The important thing to note here is that from this point onwards, we no longer need access to the original data. Our machine-learning model has been trained on the original dataset but we will be explaining and inspecting it using the synthesized version of the dataset. This means that the auditing and explanation process can be shared with a wide range of stakeholders and communities without concerns about revealing privacy-sensitive information. This is the real value of using synthetic data in your explainable AI practice.

SHAP feature importance

Feature importances are a great first step in better understanding how a machine learning model arrives at its predictions. The resulting bar plots will indicate how much each feature in the dataset contributes to the model’s final prediction.

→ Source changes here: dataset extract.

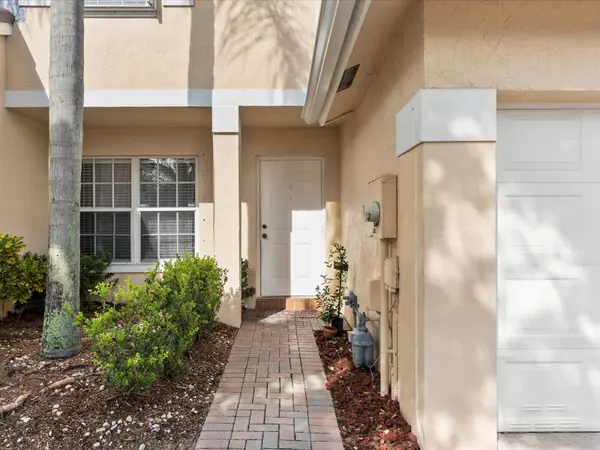 Sunrise, FL 33351,5343 NW NW 90th AVE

To start, you will need to import the SHAP library and calculate the so-called shap values. These values will be needed in all of the following model explanation steps.

# import library
import shap
# instantiate explainer and calculate shap values
explainer = shap.TreeExplainer(model)
shap_values = explainer.shap_values(X_syn)

You can then plot the feature importances for our trained model:

shap.initjs()
shap.summary_plot(shap_values, X_syn, plot_size=0.2)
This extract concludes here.